We could instead divide our training set into \(N\) batches, each with \(\tau = T/N\) training pairs and do our update as:

  • Loop over \(N\) batches

    • Loop over the \(\tau\) pairs \(({\bf x}^k, {\bf y}^k)\) for \(k = 1, \ldots, \tau\) in the current batch

      • Propagate \(({\bf x}^k, {\bf y}^k)\) through the network

      • Compute the corrections \(\partial f/\partial {\bf A}^k\), \(\partial f/\partial {\bf B}^k\) from the current pair

      • Accumulate the corrections:

        \[\frac{\partial f}{\partial {\bf A}} = \frac{\partial f}{\partial {\bf A}} + \frac{\partial f}{\partial {\bf A}^k}\]
        \[\frac{\partial f}{\partial {\bf B}} = \frac{\partial f}{\partial {\bf B}} + \frac{\partial f}{\partial {\bf B}^k}\]
    • Apply a single update to the matrices for this batch:

      \[{\bf A} \leftarrow {\bf A} + \eta \frac{\partial f}{\partial {\bf A}}\]
      \[{\bf B} \leftarrow {\bf B} + \eta \frac{\partial f}{\partial {\bf B}}\]

The advantage of this is that the \(\tau\) trainings in a batch can all be done in parallel now, spread across many CPU cores or GPU cores. This greatly accelerates the training time.

Different activation or cost functions#

We used a simple cost function: the sum of the square of the errors. This is analogous to the \(L_2\) norm we discussed previously. But there are a lot of other cost functions we could explore. Changing the cost function will require us to recompute our derivatives.

Likewise, there are a wide number of activation functions, some of which are not differentiable. The choice of activation function can depend on what type of data you are using. You might also want to use a different activation function on each layer. Again, this would require us to redo our derivatives.

Use a different minimization technique#

We only explored gradient descent.

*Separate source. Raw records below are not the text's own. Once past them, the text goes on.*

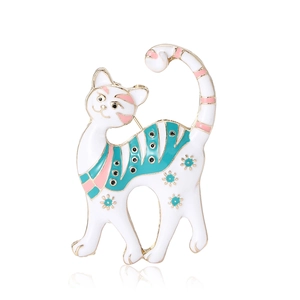 Creative white enamel cat brooch with blue flower pattern and gold plated alloy trim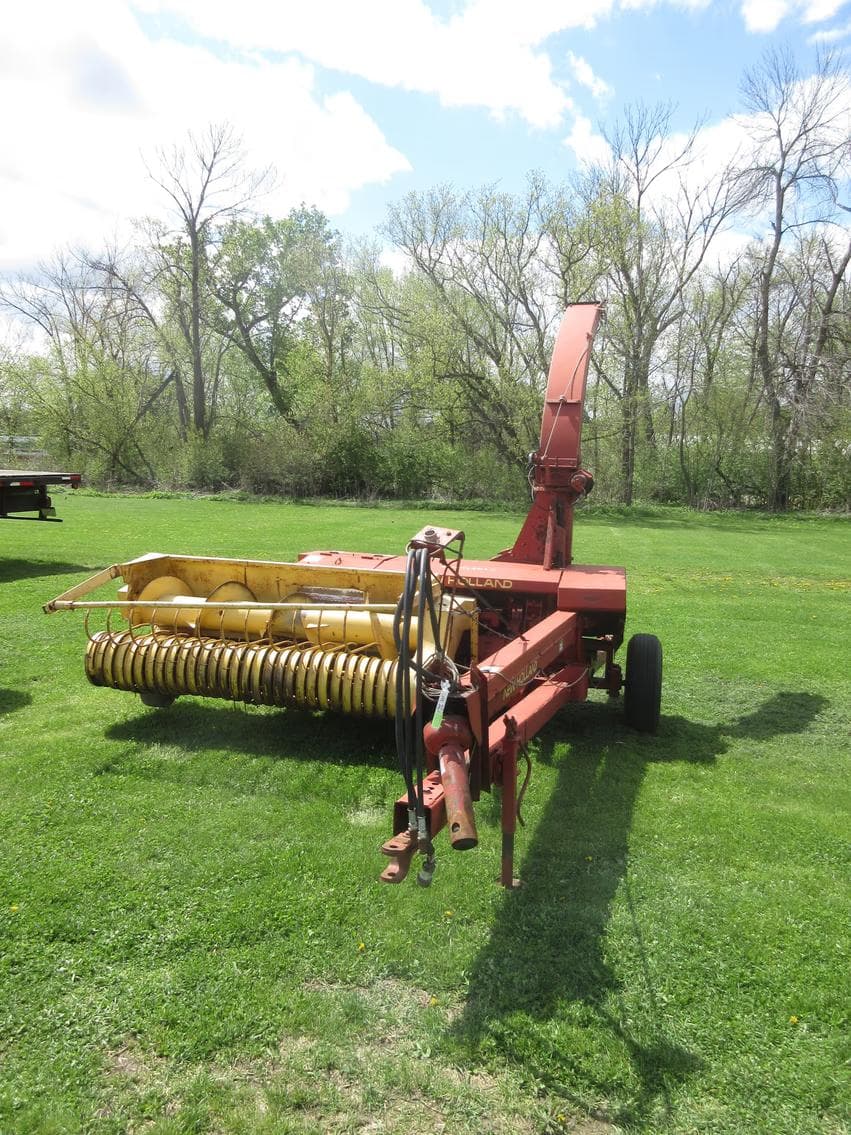 Image of New Holland 790 Primary image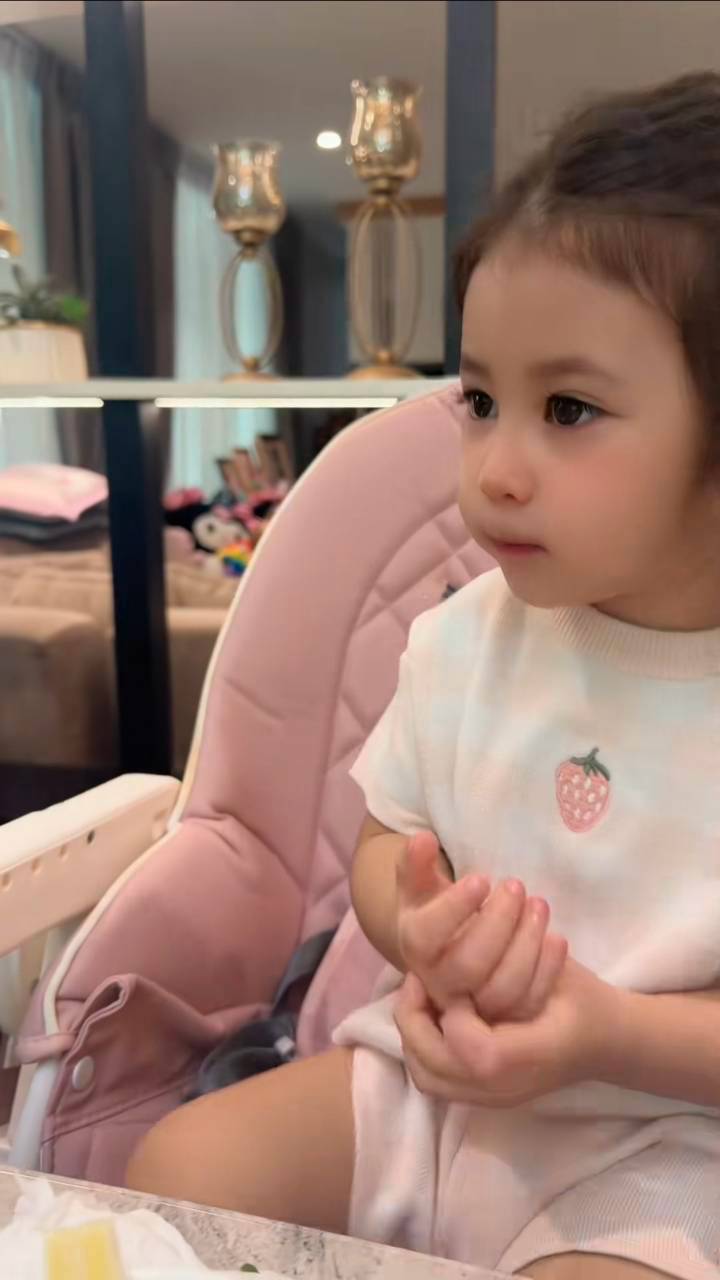 น้องพราวตะวัน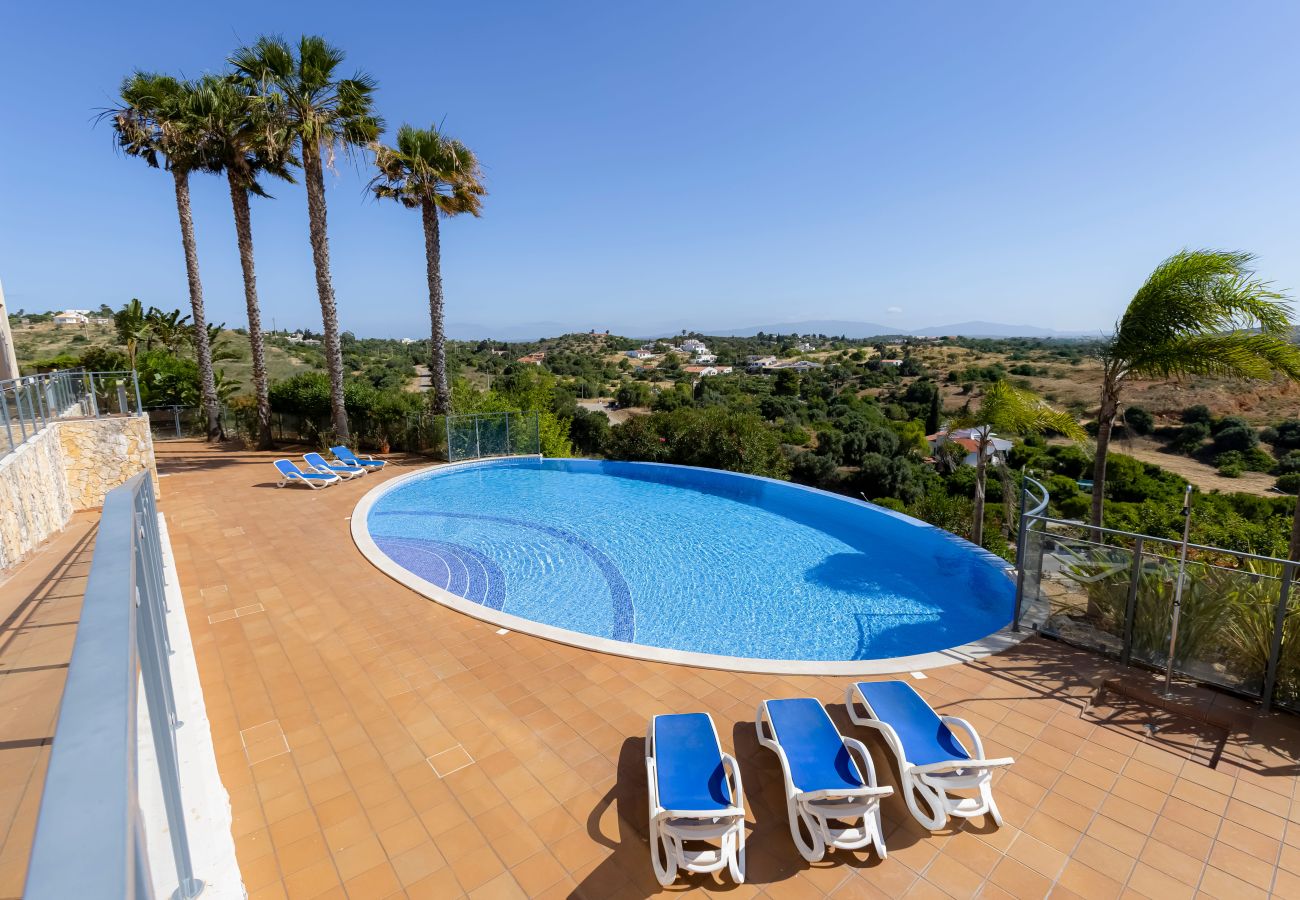 Apartamento em Lagos - Apartamento Bela Vista - A009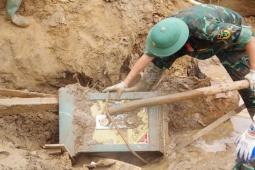 Cào bùn lũ, bộ đội tìm thấy két sắt chứa nhiều tài sản giá trị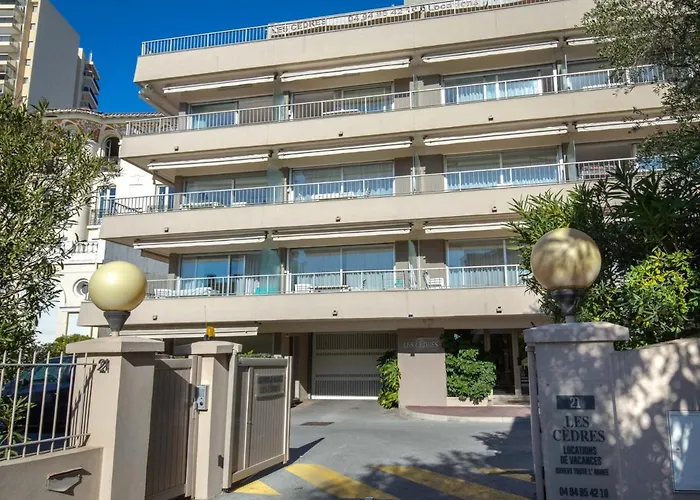 Ideal Centre-ville St-raphael, Climatise, Proche Et Commerces, Balcon, Wi-fi, Parking Optionnel - Fr-1-466a-35 Lejlighed *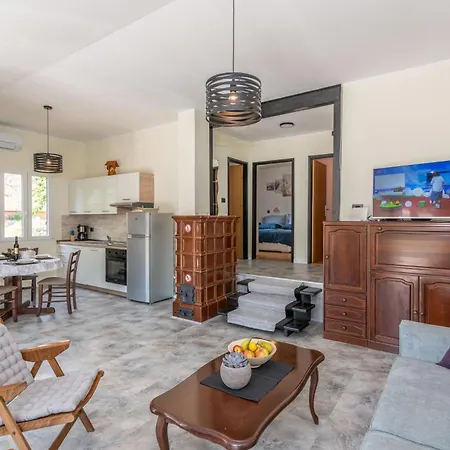 Dom wakacyjny Mini Villa, A Romantic, New And Compact House With Pool *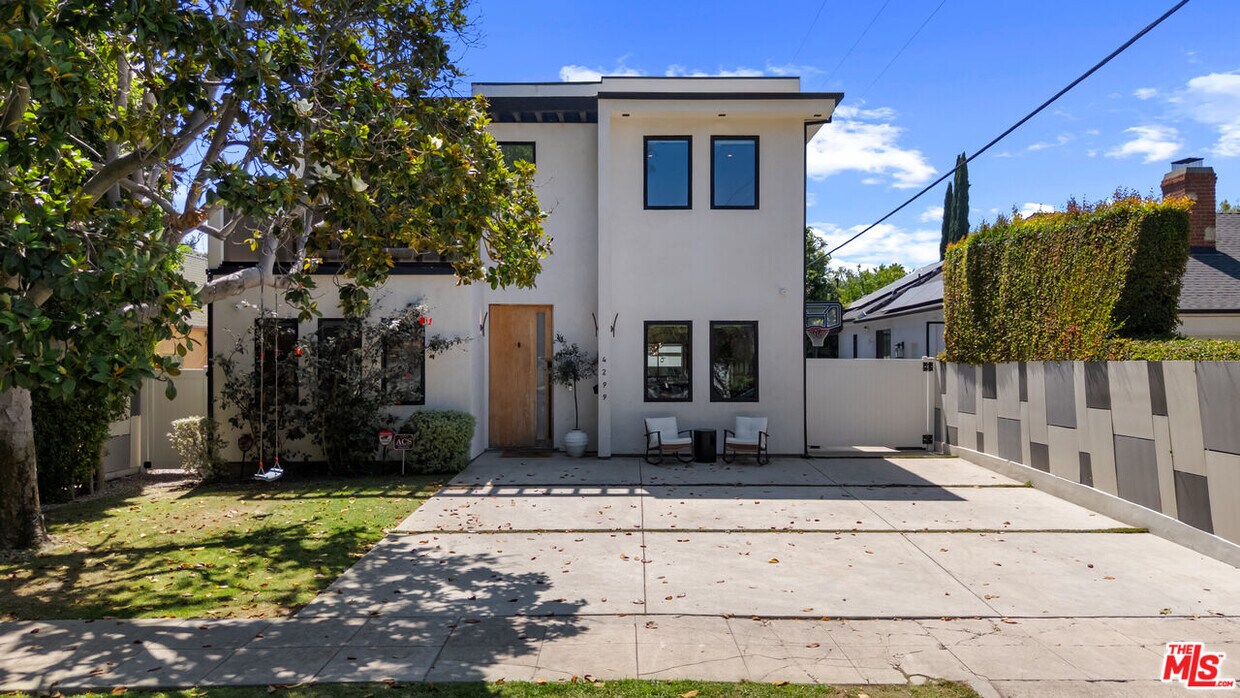 Foto principal - 4299 Elmer Ave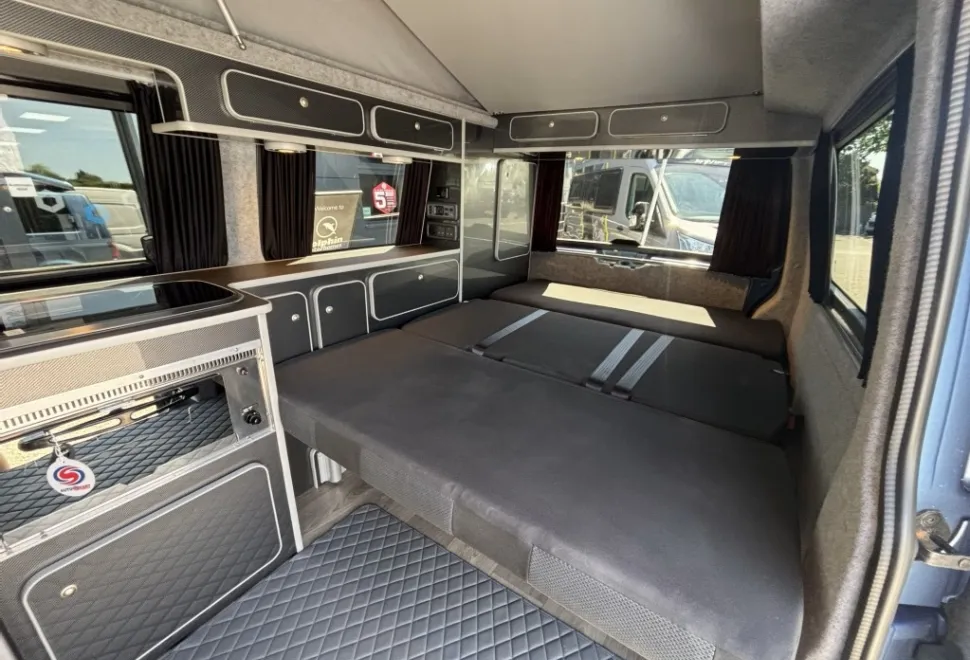 Camper King Santorini  2019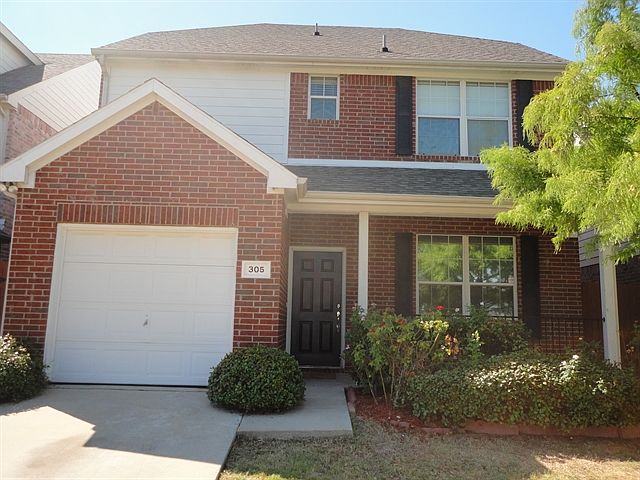 1st image of 305 Celia Cir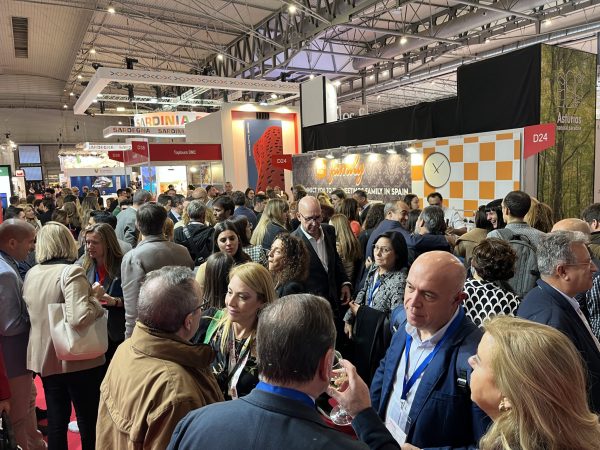 Foto de Cóctel del sector español en IBTM 2024 3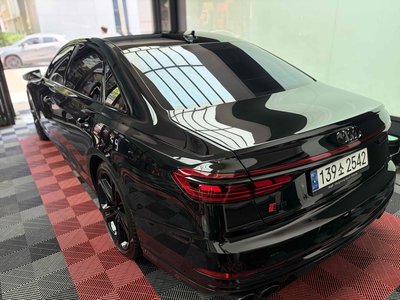 2022 AUDI S8 photo 5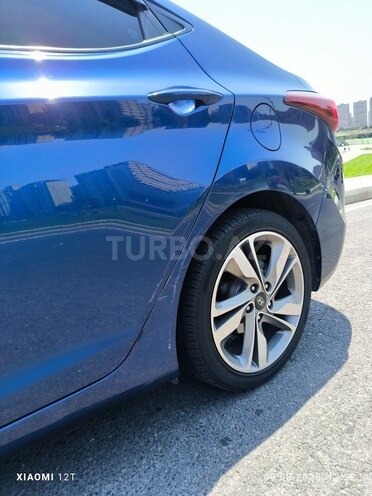 Hyundai Elantra 2015, 196,000 km - 1.8 l - Bakı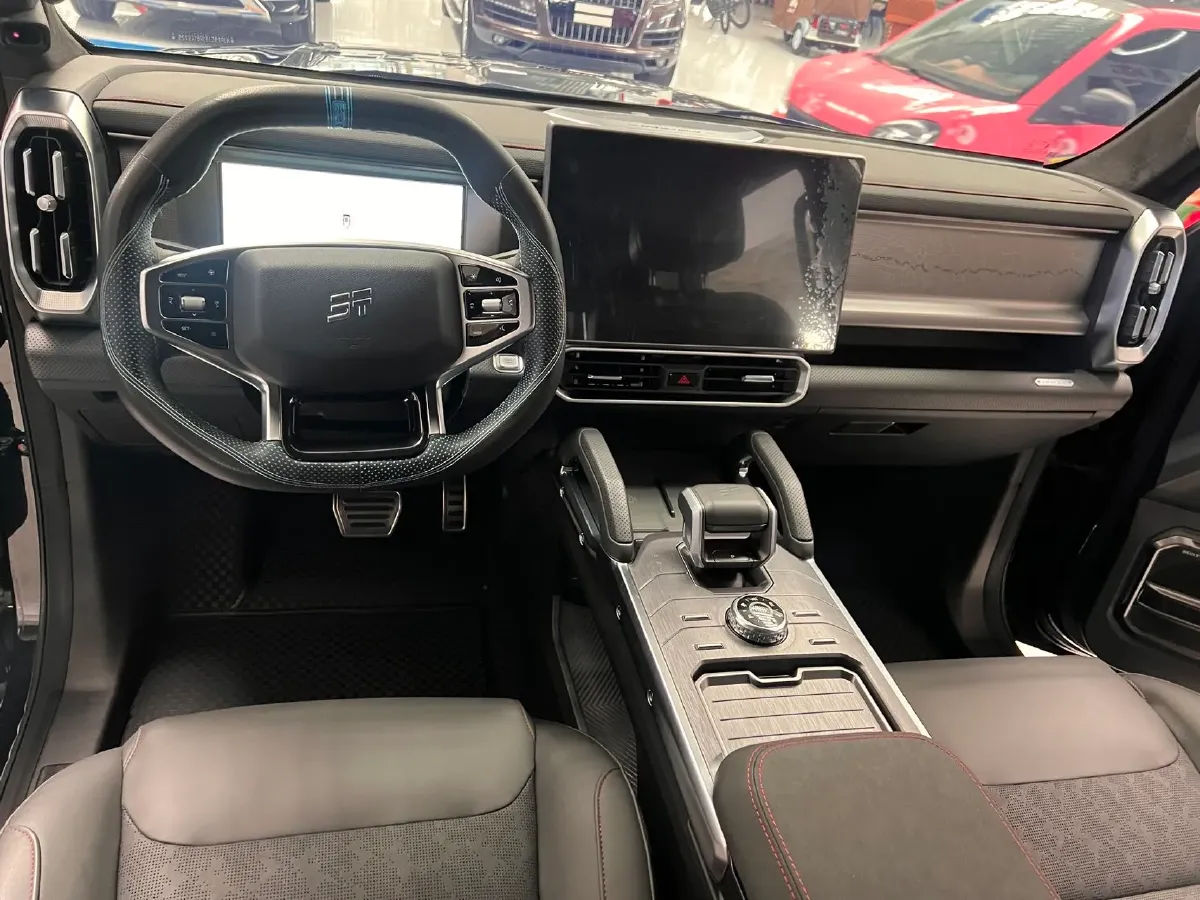 2023 Jetour Traveller 2.0T 254HP L4 7DCT,autocango,china used car exporter,china ev exporter,chinese used car exporter,chinese used ev exporter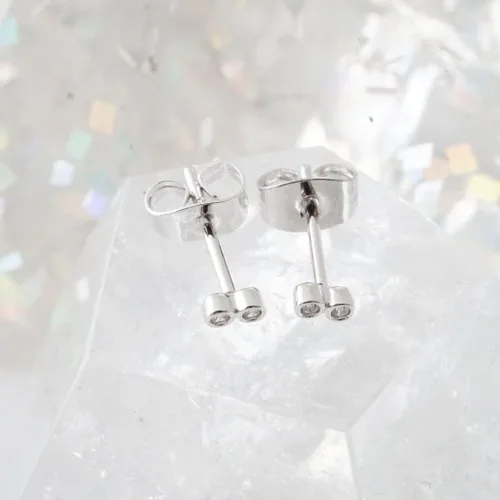 Miniatura 3 de HONEYCAT Aretes pequeños de doble cristal Joyería minimalista y delicada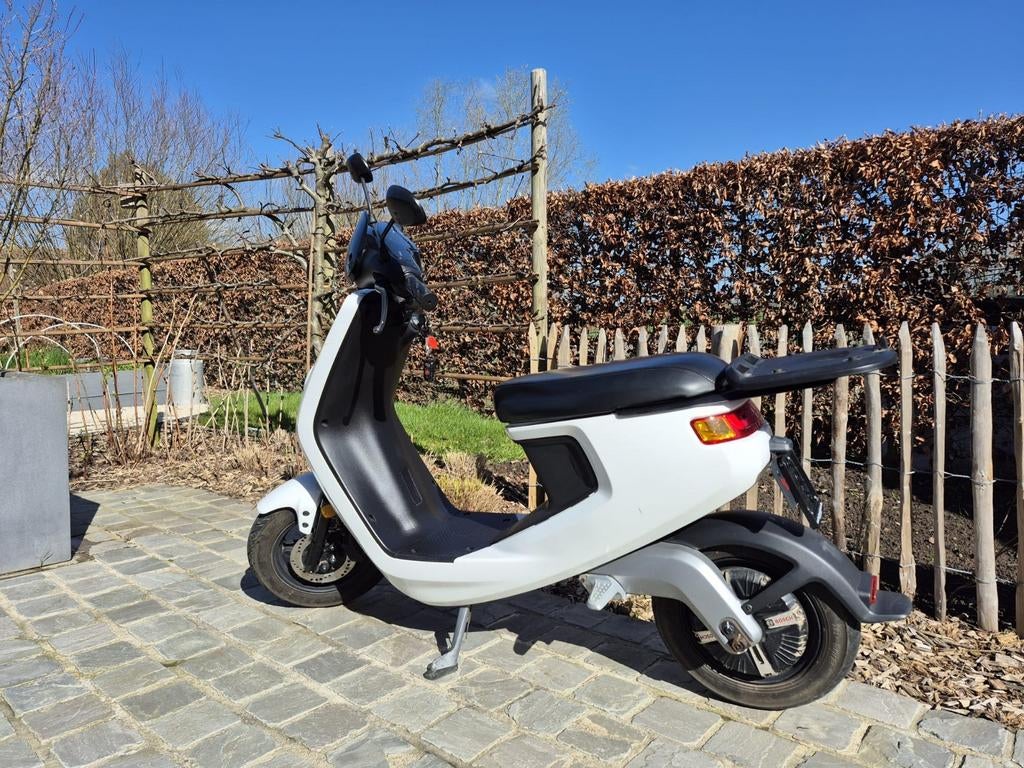 NIU Scooter Electric, Enlèvement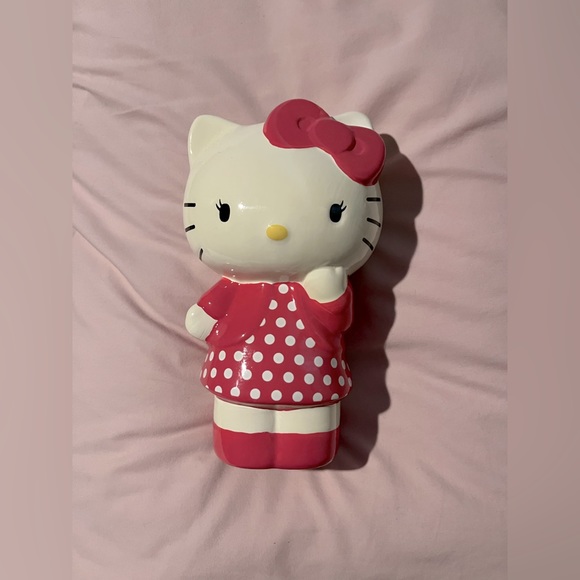 HELLO KITTY 💕 PINK POLKA DOT COIN/PIGGY BANK - Picture 2 of 6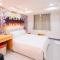 Beethoven Express Hotel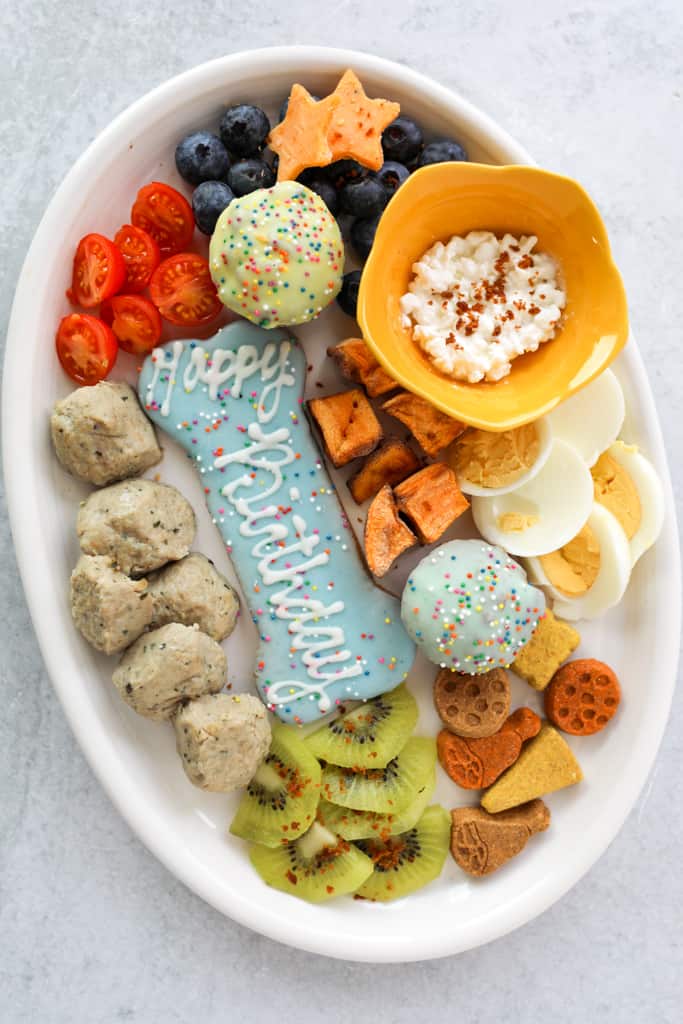 barkuterie board for dogs easy and cute1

But there are improvements to this (like momentum that we mentioned previously) as well as alternate minimization techniques we could use (some of which don’t need the gradient at all).

Different types of layers / connections#

We only considered a dense network: every node on one layer was connected to every node on the adjacent layer. But there are alternatives.

For example, a convolutional neural network performs a convolution on a layer with some kernel. This helps identifying features.

More hidden layers#

There is no restriction on the number of hidden layers we can use. Each additional hidden layer means an additional matrix is added to our network. For our code, we’d simply need to backpropagate the error to each hidden layer and compute the update to the new matrix.

Auto-differentiation libraries#

At some point, with all of these options, doing all of the differentiation / chain-rule by hand becomes burdensome and prone to errors. For this reason, libraries often use automatic differentiation libraries, like JAX which can take the derivatives of our python functions themselves.